1. The biggest chip market is laptops and getting 15% better performance for 80%...

clamchowder · on Aug 11, 2024

1. Yeah I agree, both X Elite and many Intel/AMD chips clock well past their efficiency sweet spot at stock. There is a cost to extra pipeline stages, but no one is designing anything like Tejas/Jayhawk, or even earlier P4 variants these days. Also P4 had worse problems (like not being able to cancel bogus ops until retirement) than just a long pipeline.

Arm's predecoded L1i cache is not "free" and can't be filled with simple data moves. You need predecode logic to translate raw instruction bytes into an intermediate format. If Arm expanded predecode to handle fusion cases in A715, that predecode logic is likely more complex than in proir generations.

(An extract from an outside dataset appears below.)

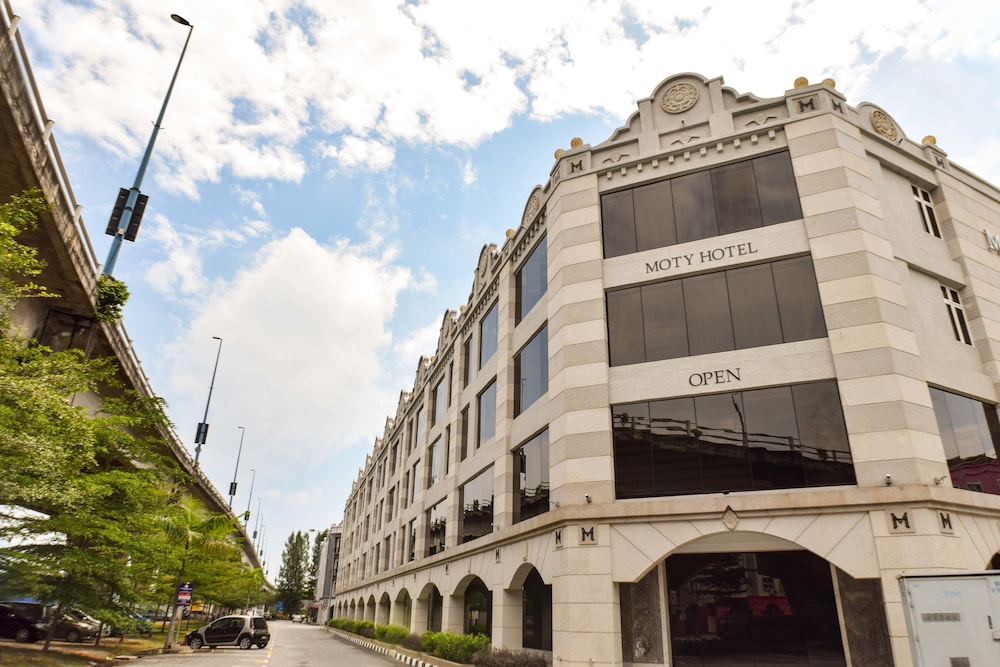moty hotel
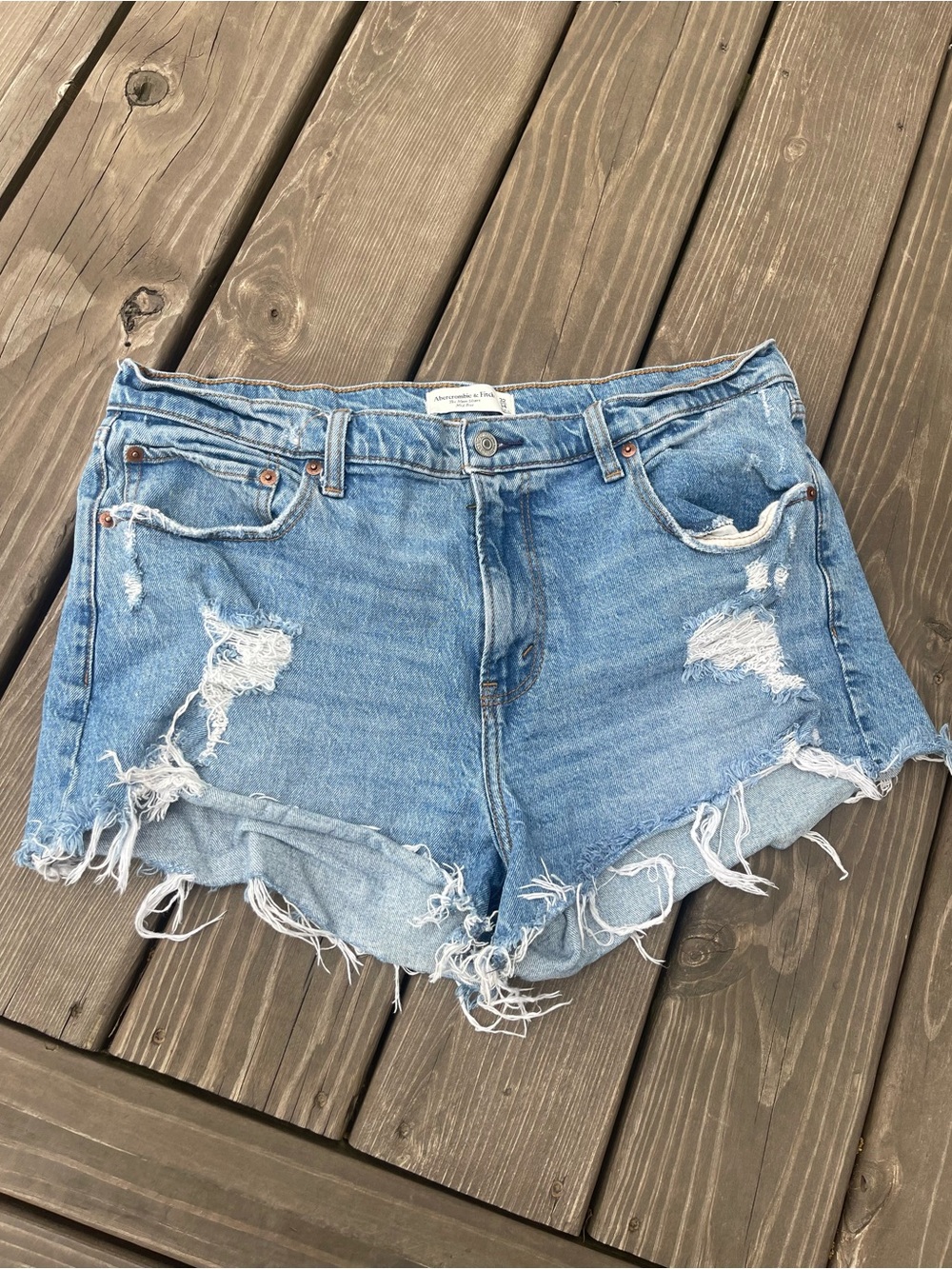 Abercrombie and Fitch The Mom Shorts Mid rise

2. Size/area is different from power consumption. Also the decoder is far from the only change. The BTBs were changed from 2 to 3 level, and that can help efficiency (could make a smaller L2 BTB with similar latency, while a slower third level keeps capacity up). TLBs are bigger, probably reducing page walks. Remember page walks are memory accesses and the paper earlier showed data transfers count for a large percentage of dynamic power.

4. IMO no one is really RISC or CISC these days

8. Sure you can align the function or not. I don't think it matters except in rare corner cases on very old cores. Not sure why you think it's an overall net negative. "feeling weird" does not make for solid analysis.

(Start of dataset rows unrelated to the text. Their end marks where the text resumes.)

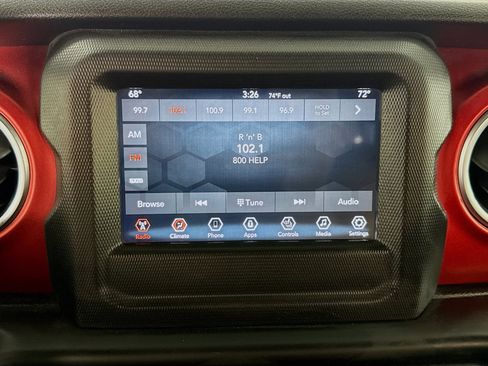 Used 2018 Jeep Wrangler Rubicon image 17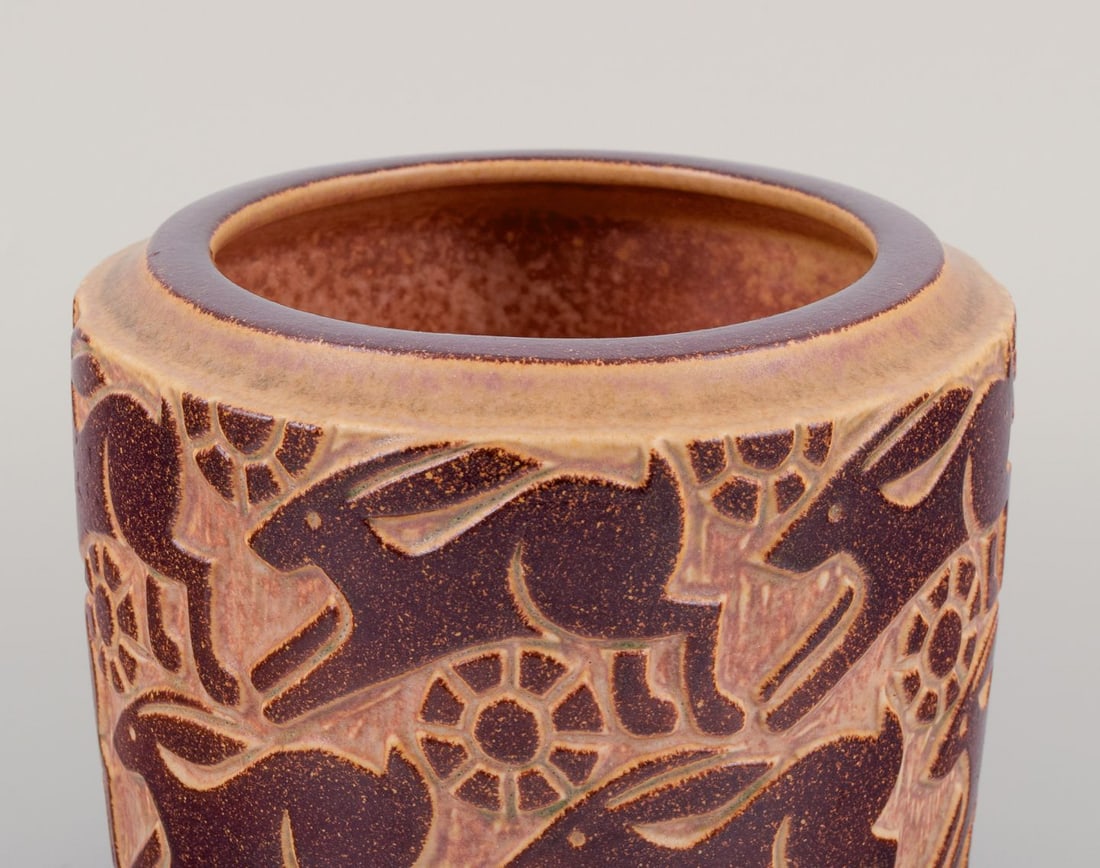 Marianne Starck for Michael Andersen. Modernist jar in stoneware with motif of a hare. 1960s. - 3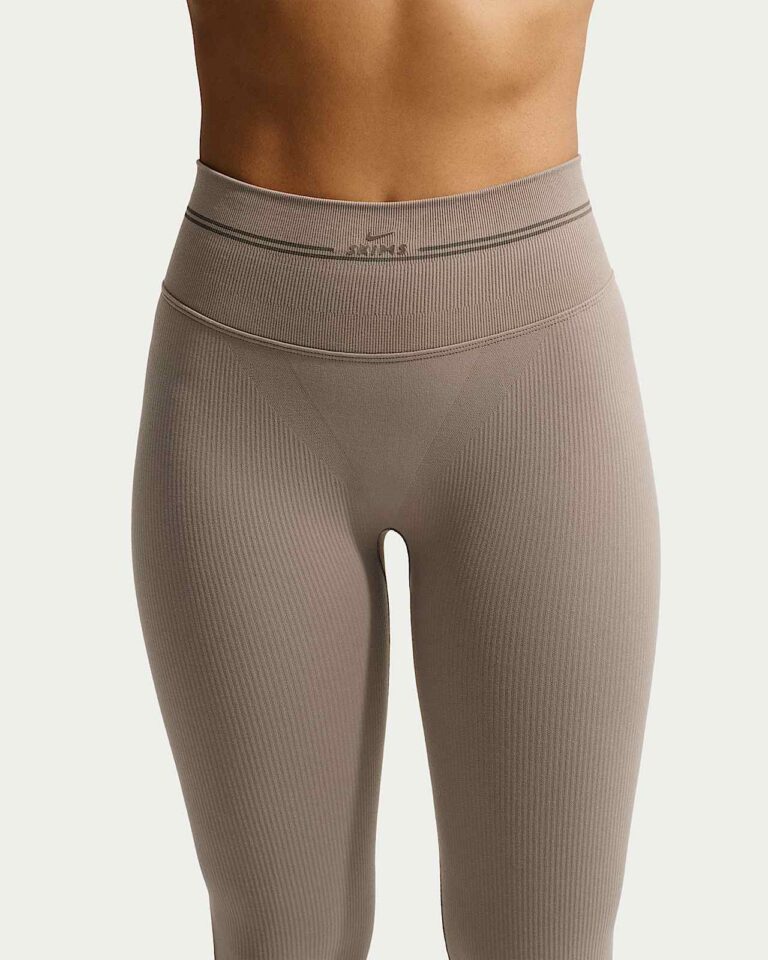 Леггинсы NikeSKIMS Ribbed Seamless High-Waisted 26″ Leggings «Driftwood» Женская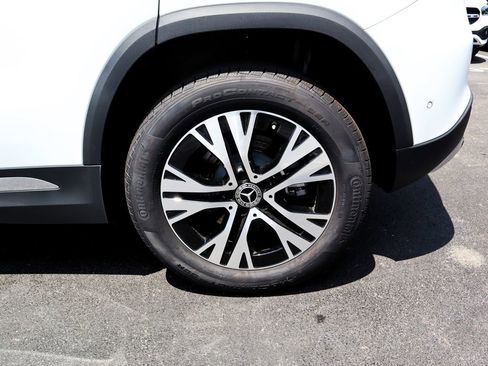 New 2025 Mercedes-Benz GLA 250 4MATIC image 9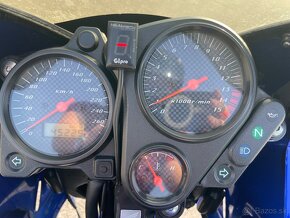Honda Hornet - 9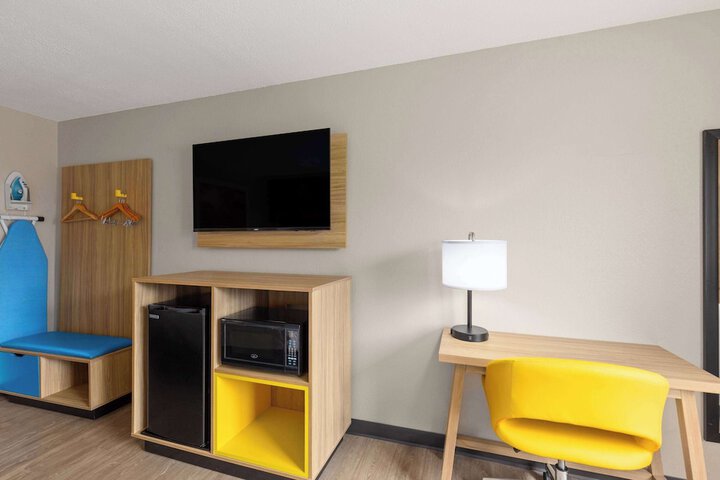 Room 20 of 46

Most x86 instructions are not microcode only. Again, check your data with performance counters. Microcoded instructions are in the extreme minority. Maybe microcoded instructions were more common in 1978 with the 8086, but a few things have changed between then and now. Also microcoded instructions do not cost thousands of cycles, have you checked? i.e. a gather is ~22 micro ops on Haswell, from https://uops.info/table.html Golden Cove does it in 5-7 uops.

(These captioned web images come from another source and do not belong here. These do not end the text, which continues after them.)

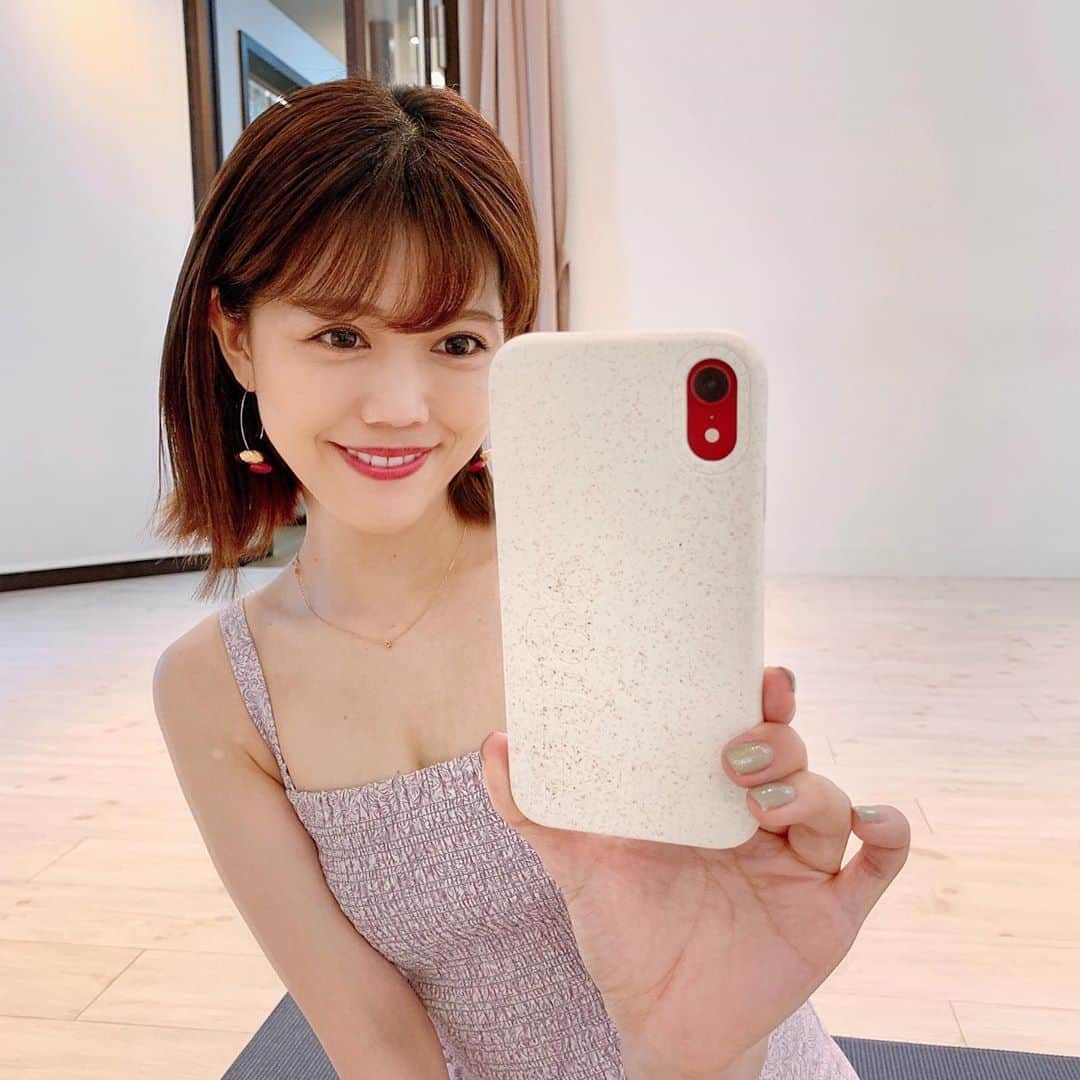 上坂由莉のインスタグラム：「﻿ ﻿ こんばんは🌙﻿ 今日もレッスンありがとうございました🧘‍♀️﻿ ﻿ ﻿ お盆明けでも暑いですね🥵﻿ 明日は久しぶりの雨なので少し気温マシかなぁ🤔🌿﻿ ﻿ ﻿ iPhoneケースも少し涼しくチェンジ🎐﻿ いつも選びがちなピンクはやめてホワイトベージュ🤍﻿ 竹由来の成分で出来た自然に還るエコケース🌍﻿ カスタムで好きな文字を入れれるよ👼﻿ @CASETiFY @CASETiFY_jp﻿ ﻿ ﻿ 明日も朝からバタバタ動きまわります🚃💨﻿ 今日も１日お疲れ様でした😄﻿ ﻿ ﻿ #iPhoneケース #CASETiFY #StateYourCase #CASETiFYCONSCiOUS #yoga #ヨガ #ヨガウェア」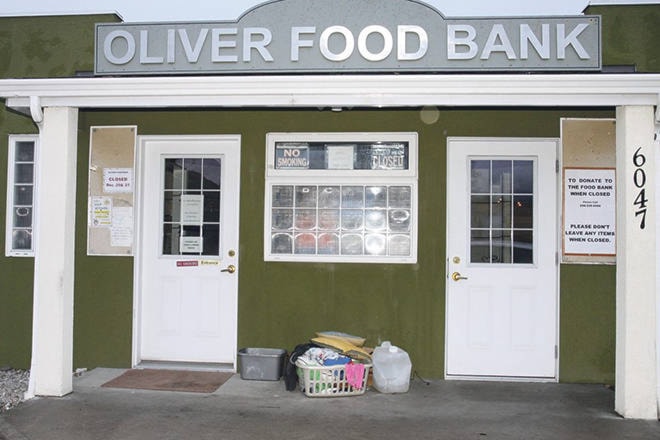 17833904_web1_190726-PWN-Oliver-food-bank-T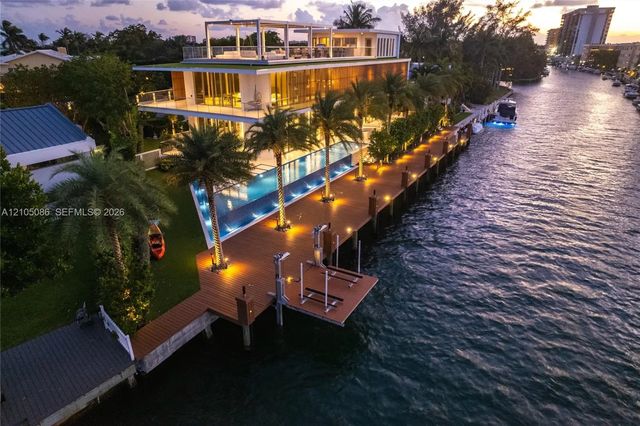 13390 Biscayne Bay Drive, North Miami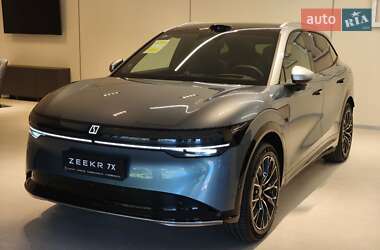 Позашляховик / Кросовер Zeekr 7X 2025 в 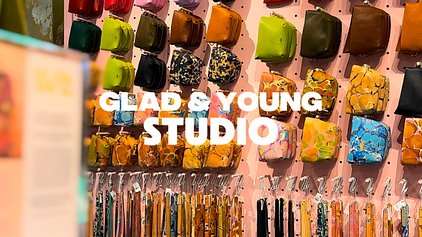 Business Diaries - Glad & Young Studio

ISA history has a lot of failed examples where people tried to lean on the ISA to simplify the core architecture. EPIC/VLIW, branch delay slots, and register windows have all died off. Mill is a dumb idea and never went anywhere. Everyone has converged on big OoO machines for a reason, even though doing OoO execution is really complex.

If you're interested in cases where ISA does matter, look at GPUs. VLIW had some success there (AMD Terascale, the HD 2xxx to 6xxx generations). Static instruction scheduling is used in Nvidia GPUs since Kepler. In CPUs ISA really doesn't matter unless you do something that actively makes an OoO implementation harder, like register windows or predication.